Figure 23 illustrates the way such a corpus is built: From the reference containing some categorized units, three new sets of annotations are built, simulating three annotators who are assumed to have the same annotating skill level, which is set in this example at magnitude 0.1. The applied error type is position only, that is to say that each annotator makes mistakes only when positioning boundaries, but does not make any other mistake (the units are reproduced in the same order, with the correct category, and in the same number). At this low magnitude, the positions are still close to those of the reference, but often vary a little. Hence, we obtain here a slightly shuffled multi-annotator corpus. Let us sum up the way error types are currently designed in the CST.
Position. At magnitude m, for a given unit, we define a value shiftmax that is proportional to m and to the length of the unit, and each boundary of the unit is shifted by a value randomly chosen between −shiftmax and shiftmax (note: at magnitude 0, because shiftmax = 0, units are not shifted).

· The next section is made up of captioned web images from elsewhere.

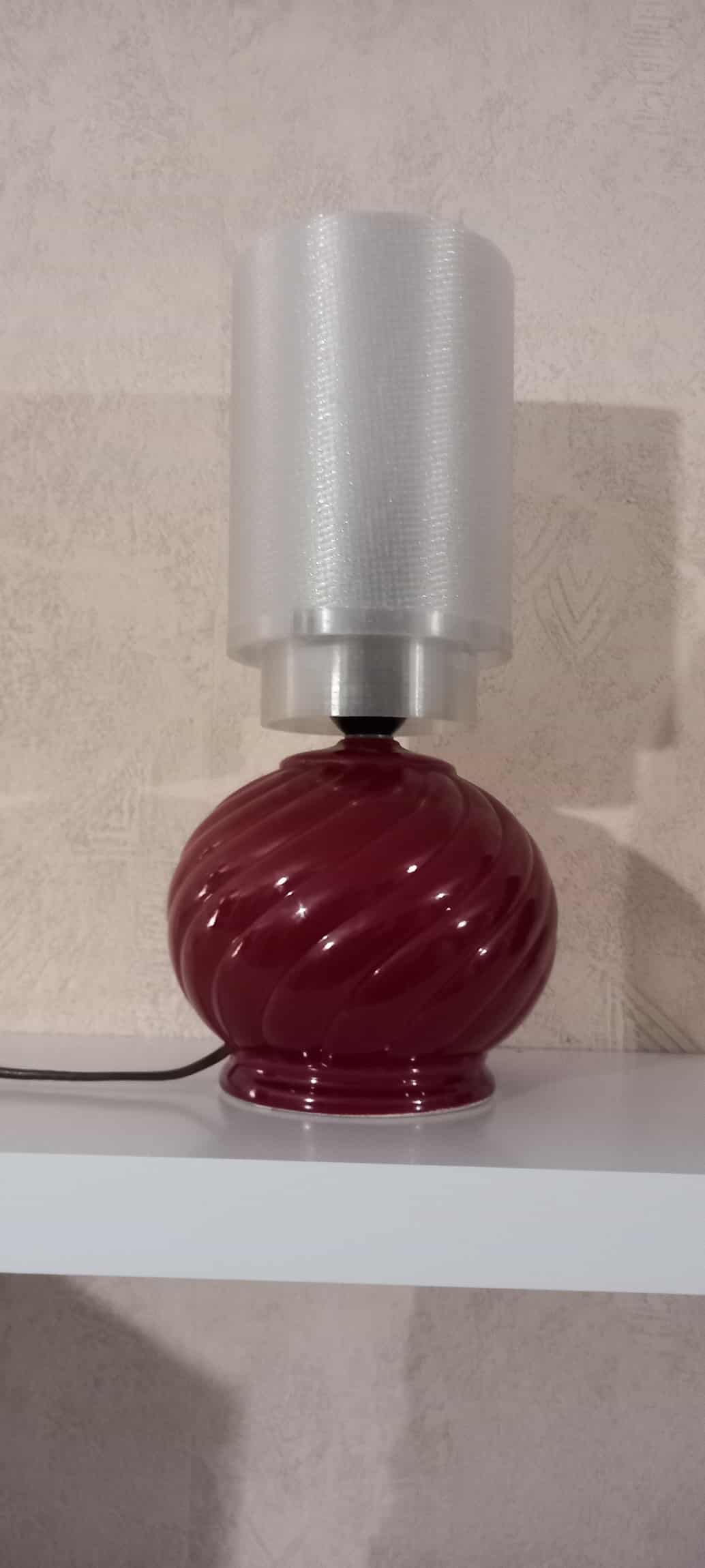 Lampe décorative 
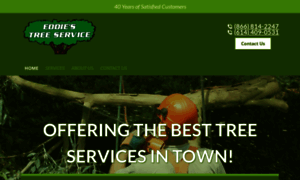 Eddiestreeservice.com thumbnail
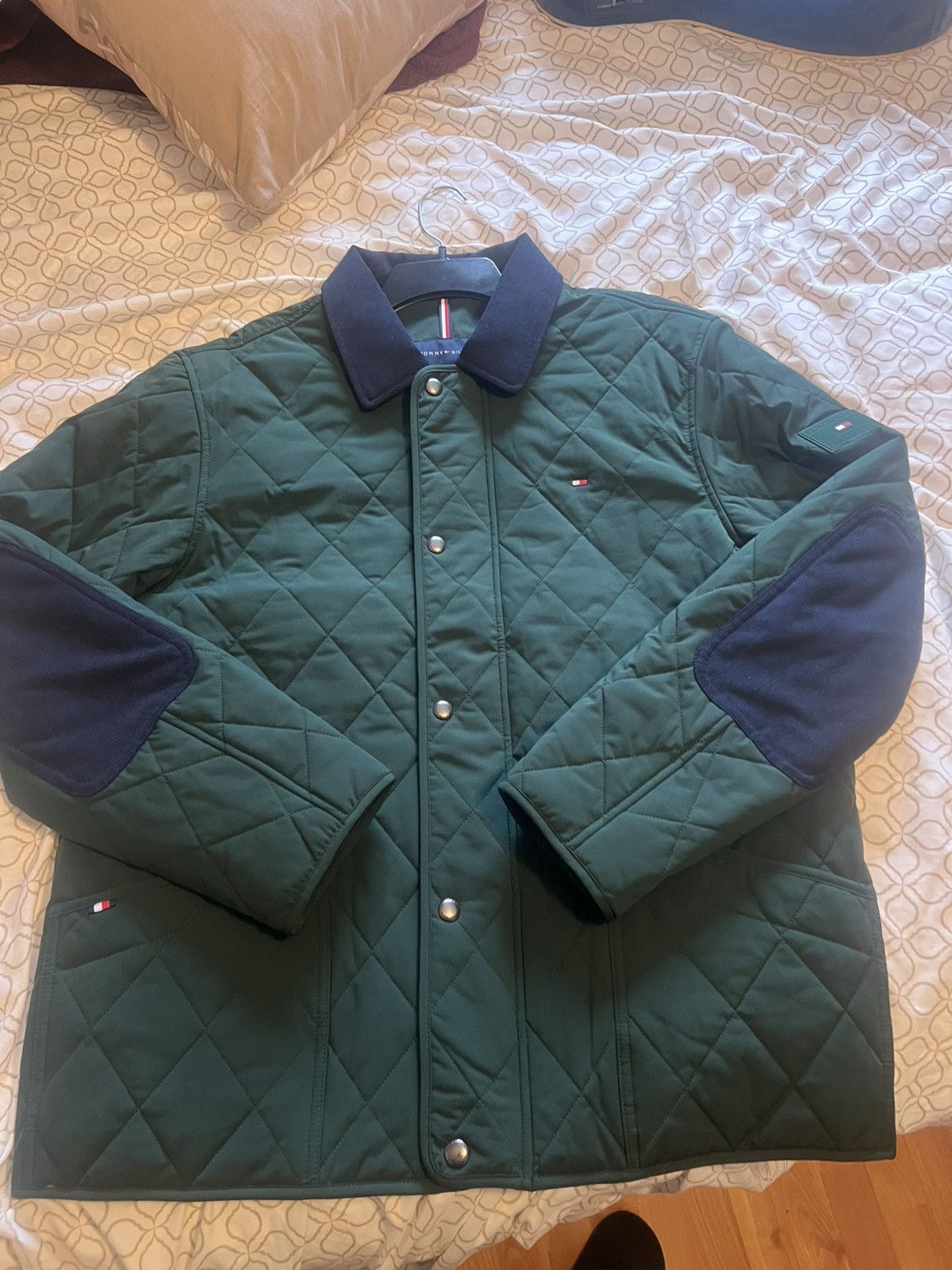 Tommy Hilfiger Tommy Hilfiger coat Size US L / EU 52-54 / 3 - 2 Thumbnail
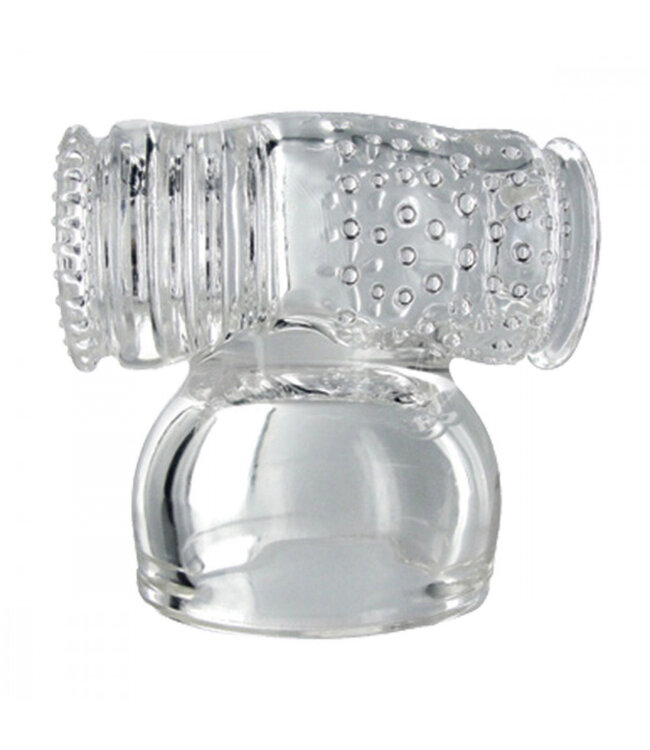 Hummingbird Attachment | Masturbator Wand Massager Attachment for Men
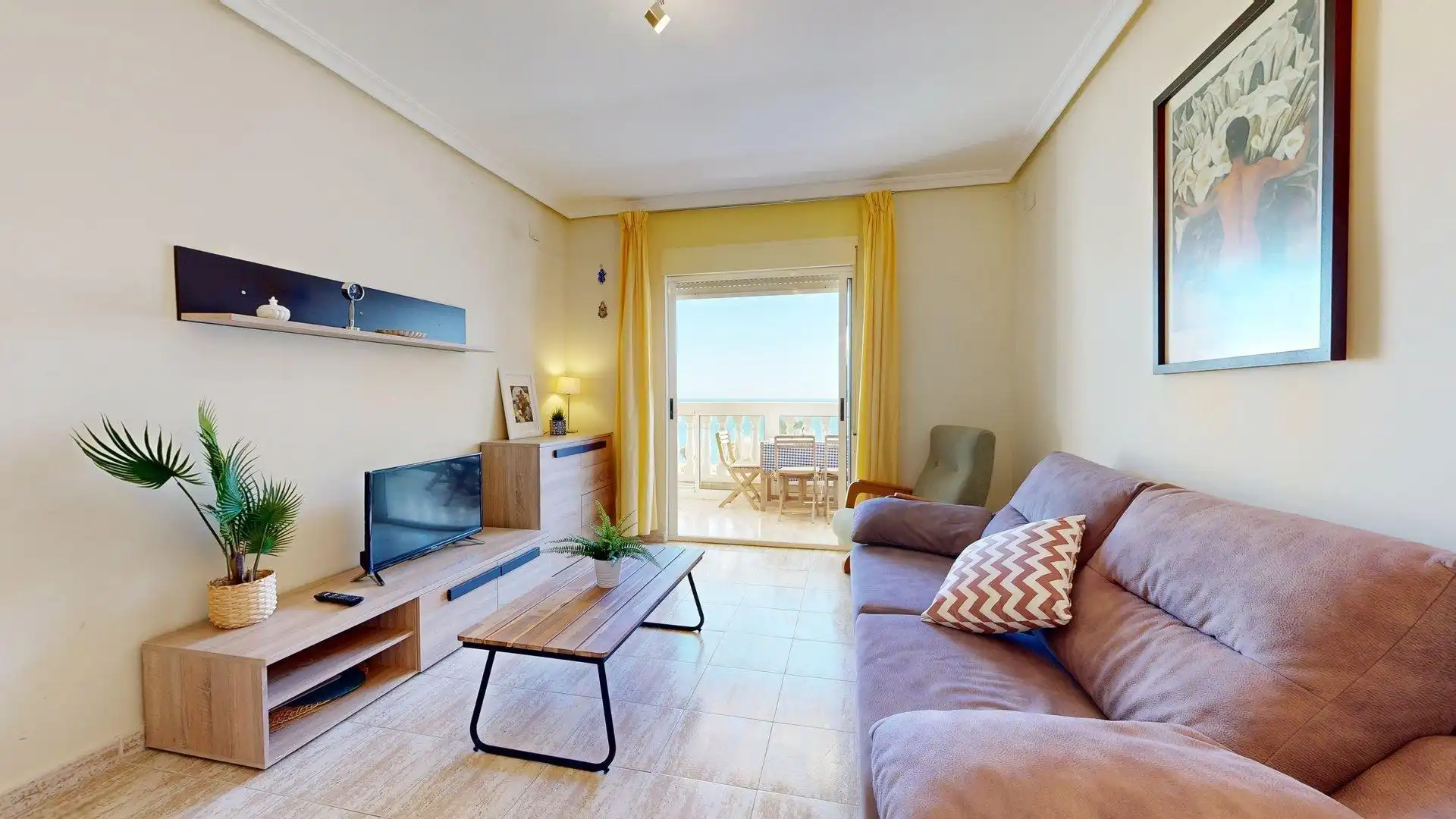 Apartament de lloguer a Avenida Costa Blanca, 19, Los Arenales del Sol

Category. This shuffling cannot be described in a few words (see Mathet et al.  for details). It uses special matrices to simulate, using conditional probabilities, progressive confusion between categories, and can be configured to take into account overlapping of categories. The higher the magnitude, the more frequent and severe the confusion.
False negatives. At magnitude m, each unit has the probability m to be forgotten. For instance, at magnitude m = 0.5, each annotator misses (on average) half of the units from the reference (but not necessarily the same units as the other annotators).
False positives. At magnitude m, each annotator adds a certain number of units (proportional to m) to the ones of the reference.
Splits. At magnitude m, each annotator splits a certain number of units (proportional to m). A split unit may be re-split, and so on.
6.3.2 Pure Segmentation: γ, WD, GHD
Even if γ was created to cope with error types that are poorly or not at all dealt with by other methods, and, moreover, to cope simultaneously with all of them (unitizing of categorized and overlapping categories), it is illuminating to observe how it behaves in more specific error types, to which specialized and well known methods are dedicated. We start with pure segmentation. Figure 24 shows the behavior of WD, GHD, and γ for two error types.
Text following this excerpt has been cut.